Each of the anaerobic sludge samples was collected at the end of the methane-production stage for microbial community analysis

Each of the anaerobic sludge samples was collected at the end of the methane-production stage for microbial community analysis. They were labeled as R0, R1, and R2 for proper identification. The selected sequencing primer group for the 16S pyrosequencing permitted the establishment of direct evidence for classification of the microbial communities in each of the reactors (FitzGerald et al., 2015; Luo et al., 2015). Through this comparison, the microbial communities will reveal noticeable differences in the taxonomy of the reactors effluents with and without biochar additives as it relates to hydrolysis and the methane yield.
Archaea communities; There are 15 types of Operational Taxonomic Units (OTUs) identified from the microbial archaea genus taxonomic analysis (Figure 7a). The most abundance methanogens illustrated via the genus level were the Methanothrix, while Methanobacterium and Methanomethylovorans were detected as the second most abundant in the biochar additives. These are hydrogenotrophic methanogens that can be generally found in an anoxic environment (Romesser et al., 1979) and sometimes they are found to be dominating in the anaerobic digester system (Schlüter et al., 2008). Further, methanogens abundance of methanobacterium was (0.27%) sequence read in the R0, while abundance multiplied in the R1 (1.25%) and also an increase of (0.38%) was witnessed in the R2 reactor. In this study, these results suggested that R1 reactor promotes the growth of Methanobacterium than R2 and R0. Hypothetically, it can be a reflection of R1 reactor stability performance at higher organic loading rate that was induced by the rate of the fermentative or combined acidogenic activities.

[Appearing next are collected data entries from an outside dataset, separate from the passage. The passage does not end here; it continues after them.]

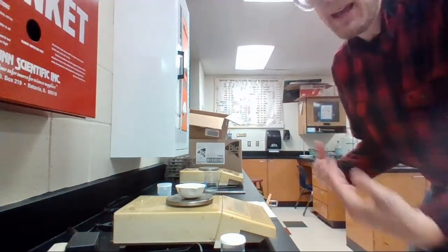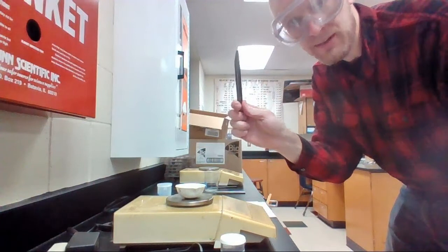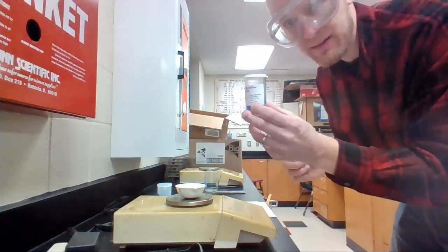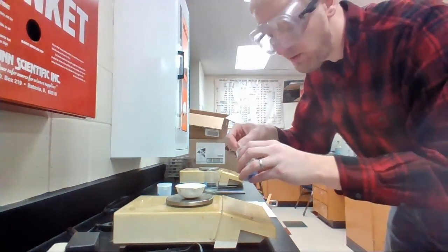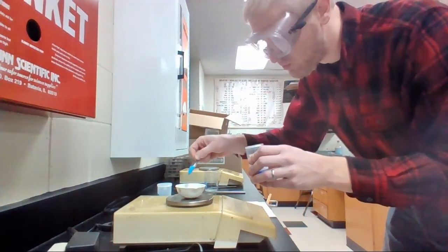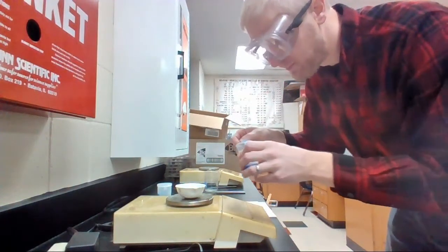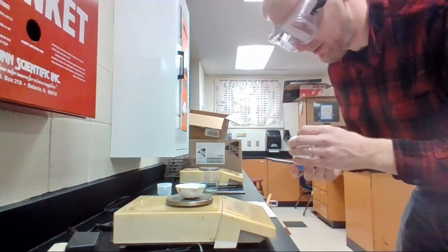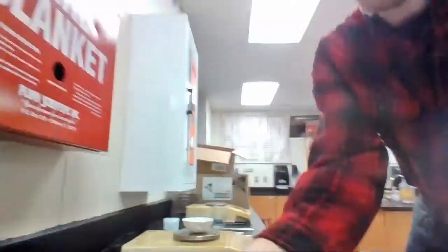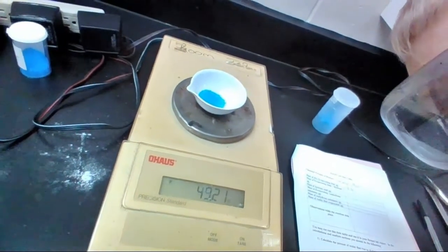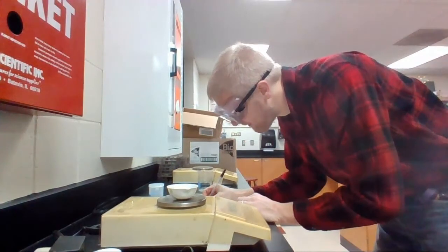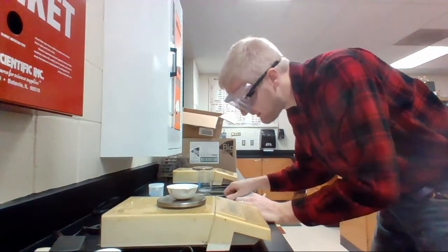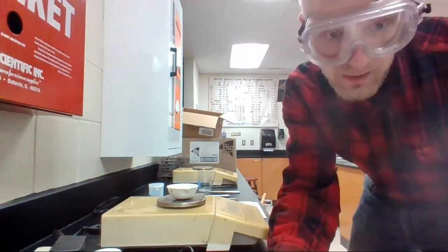Now we've got to do the mass of the hydrate with the dish. Got my scoopula, also known as a lab scoop. Got my hydrate. Look at that. We're going to scoop a little bit. There we go. That was a bit of... There we go. That looks good. There we go. It is now... I'll let you see it. 49.21. All right. 49.21. 49.21. That is the mass of my hydrate with dish.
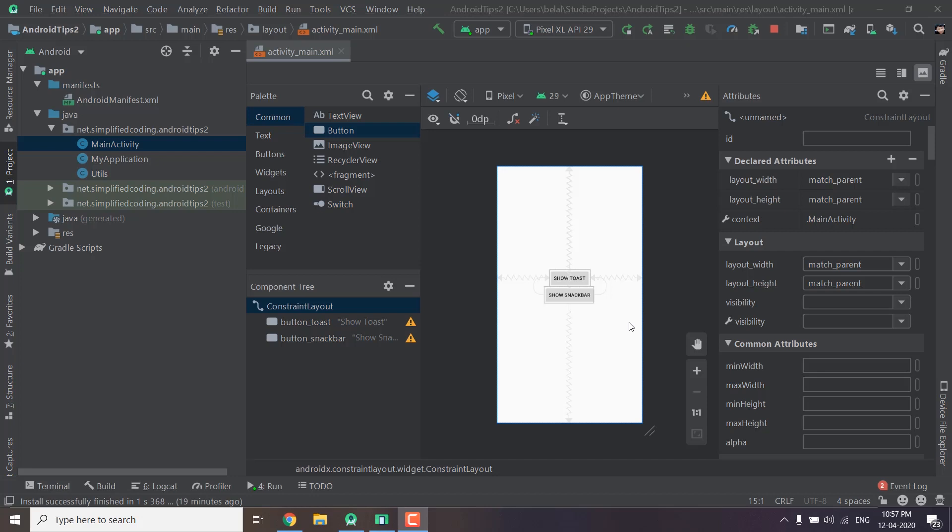So here's another episode and this is specially for people still using Java but again I would like to recommend that you should migrate to Kotlin. In this video we will learn how we can get the application context anywhere in our application.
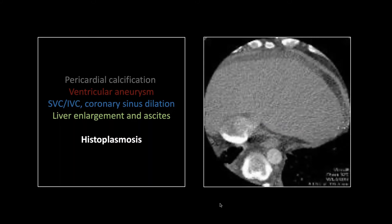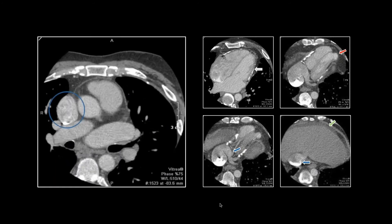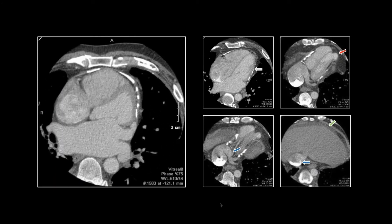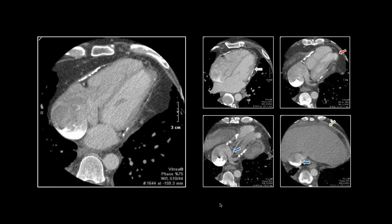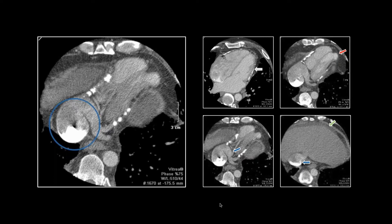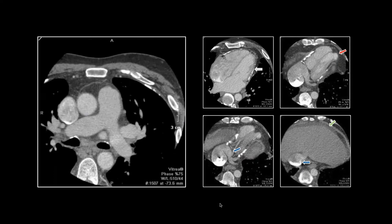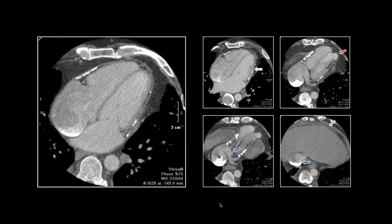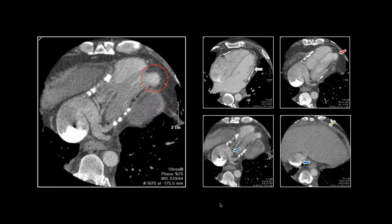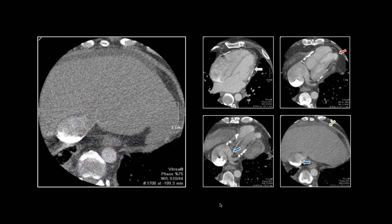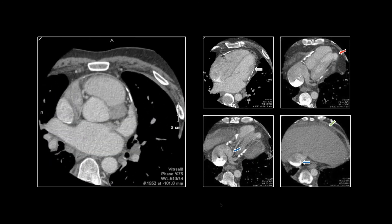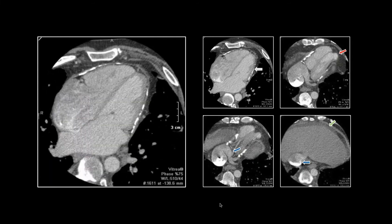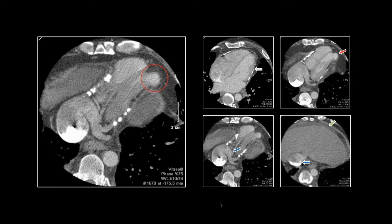Then lastly, there's liver enlargement and ascites and IVC distension — probably developing some chronic passive congestion of the liver related to venous return obstruction. The atria are a little large, the IVC is huge, the coronary sinus enormous, and there's a nodular contour to the liver consistent with chronic passive congestion. There's that little ventricular aneurysm pooching through a tiny pericardial defect. So that is histoplasmosis with calcific pericarditis and a restrictive pericardial physiology.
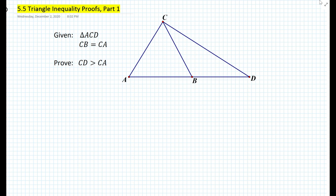Hi everyone, this is Mr. Cervone. Welcome to my math channel. In today's lesson we will be learning about triangle inequality proofs. We're basically going to look at three different proofs involving triangle inequalities. So let's get started with the first proof.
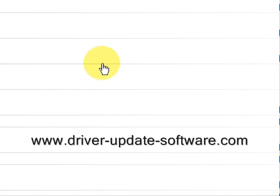So that's basically all there is to it. Once again, the website is www.driver-update-software.com. You can just type that in, or click the link in the description box to the right. Simply download the software, scan your computer, and you will be well on your way. Alright, good luck.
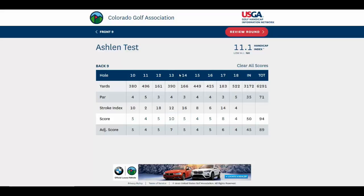Now you can see we have a total score of 94 and an adjusted score of 89. The 10 we took on hole 13 was automatically adjusted down to net double bogey — in this case, seven. Our score was also adjusted on hole 17 down to a net double bogey six. The system knows your course handicap, knows where you get the strokes, and automatically adjusts each score down to net double bogey for you.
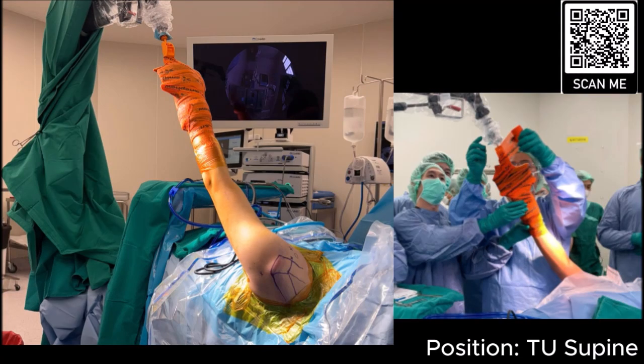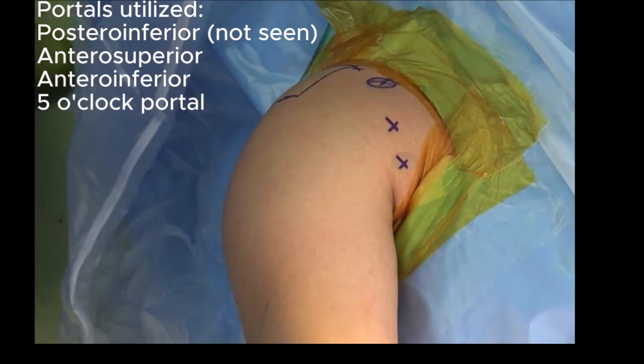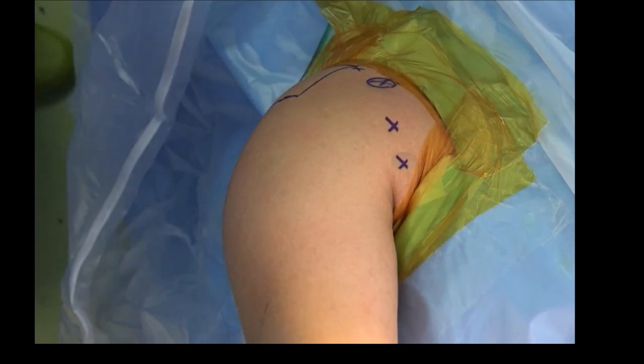We prefer the true supine position as our position of choice in performing shoulder instability cases. Portals used are posterosuperior, anterosuperior, anteroinferior, and the 5 o'clock portal.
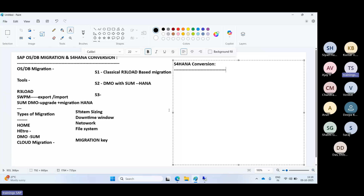Why is S/4HANA conversion needed? First, HANA is a database requirement for S/4HANA. Second, SAP ECC versions are reaching end of mainstream maintenance by 2027 — extended to 2030 — so all ECC customers must move to S/4HANA. Customers moving to RISE with SAP, public cloud, or private cloud also need to perform the conversion. Additionally, organizations want to reuse existing investments like historical data, custom code, and configurations.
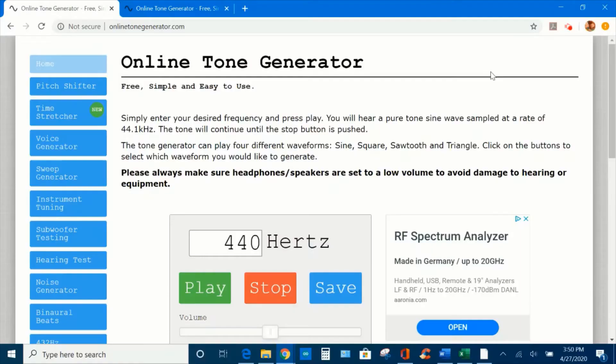Do you know how to recognize sound beats? You are going to learn with me today. To recognize sound beats, let's do this experiment using the online tone generator.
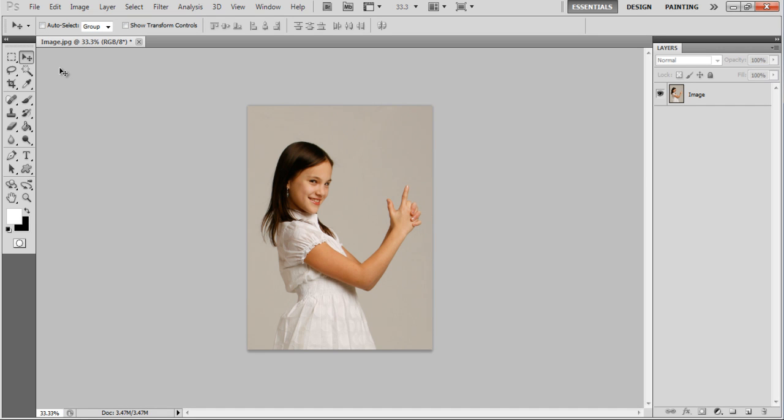In this tutorial we will guide you on how to create a 3D Polaroid effect in Photoshop.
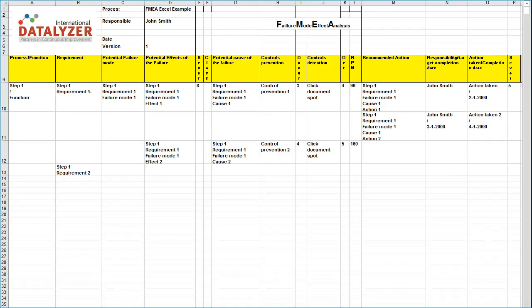Companies starting with Datalyzer FMEA often have FMEAs and control plans available in Excel. Datalyzer offers an option to import these Excel sheets directly into the database.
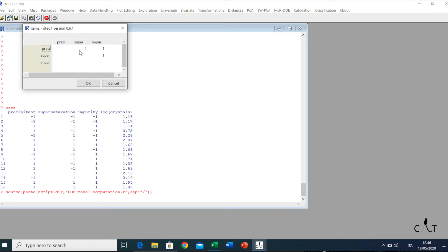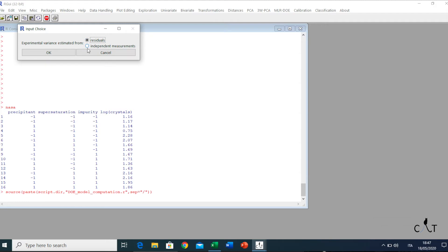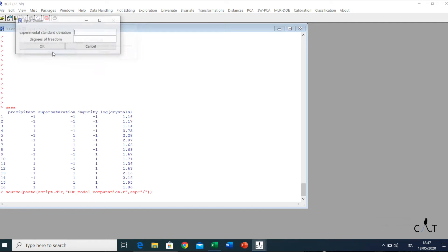This dialog box defines the higher terms of the model. In this case, we have the cross terms. If not all cross terms are required, we have to input 0 in the corresponding cell. But in this case, we want to consider all of them and their interactions, so we put 1. We click OK. A new dialog box appears, which allows us to estimate the experimental variance using the residuals or by independent measurements. We click on that, and the experimental standard deviation was 0.125 with 9 degrees of freedom.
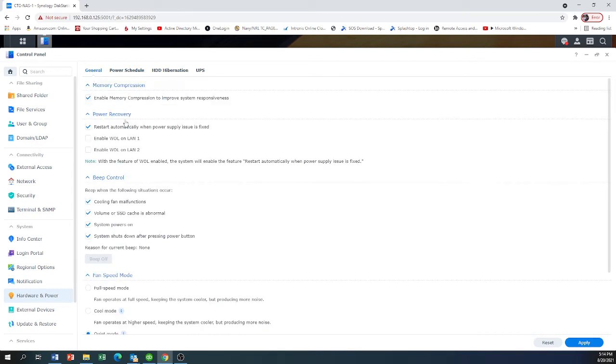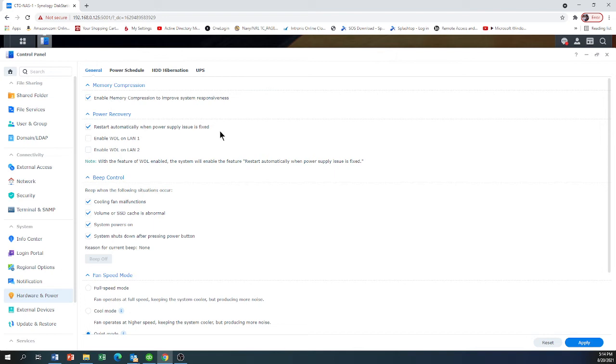In the general here it says restore automatically when power supply issues is fixed. So if the power goes off because of lightning or just a power outage, when the power comes back on it will automatically turn the device back on. You click apply in the bottom corner once you check that box and you're all done.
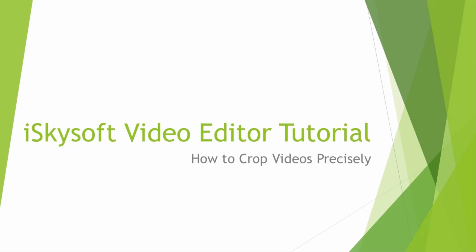Hello everyone, in this tutorial I'll be teaching you how to crop videos precisely in iSkySoft Video Editor.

Since the methanogenic abundance of Methanobacterium was only investigated at stable OLR of 6.0gVS/L.d, further investigation on characterization of its functionality is encouraged in this direction. Unclassified archaea methanogens on the surface of the bio-char sludge samples accounted for about 4.99% with dominance in the inoculum sludge, thus indicating an unclear metabolic capability of the sludge. The abundance of Methanothrix in the sludge of biochar amended reactors can equally be deduced to have played significant roles in acetate conversion to methane (Uemura and Harada, 1993). The biochar might also had promoted the interspecies mass transfer and electron transfer for methanogens performances.
Methanosarcina population in both R1 than R2 almost accounted for 0.5%, and it resides within the core zones of the biochars. (Kaparaju et al., 2008) reported Methanosarcina significantly assist in the roles for the establishment of methanogenic regions in the substrates during the operations of anaerobic digestion. However, it is noteworthy in this study, that Methanothrix which is an obligate acetoclast (FitzGerald et al., 2015) was much abundance. It probable out-strived Methanosarcina by its higher growth rate and tolerance against inhibition on long run operations.
For the bacterial taxonomy, a total of 50 types of OTUs was detected showing diversities of bacterial microbes (Figure 7b). Interestedly, it was detected that the bacterial community varieties were more than triple as compared with the archaeal. However, with relative consideration to the role of the methanogens components, they cannot be compared with the archaeal communities. Bacteria microbes that were detected and widely known to be active for hydrolysis and carbohydrate fermentations are the (Lachnospiraceae, Peptostreptococcaceae, Ruminococcaceae and Gelria, Christensenellaceae : Sedimentibacter Tissierella, Syntro- phomondaceae), these are dominance in R1 and R2 reactors. The second most abundant genus is the Bacteroidetes, these are commonly recognized in the anaerobic environment and principally responsible as fermenters and acidogens. Proteobacteria, Rhodobacteraceae, Granulosiococcaceae,Nannocystineae;Desulfomicrobium;Alteromonadaceae, Nannocystinaceae, Granulosiococcaceae among others existed in R0, R1 and R2. These are extensively scattered and varied constituents of fermenters commonly found in the anaerobic digestion.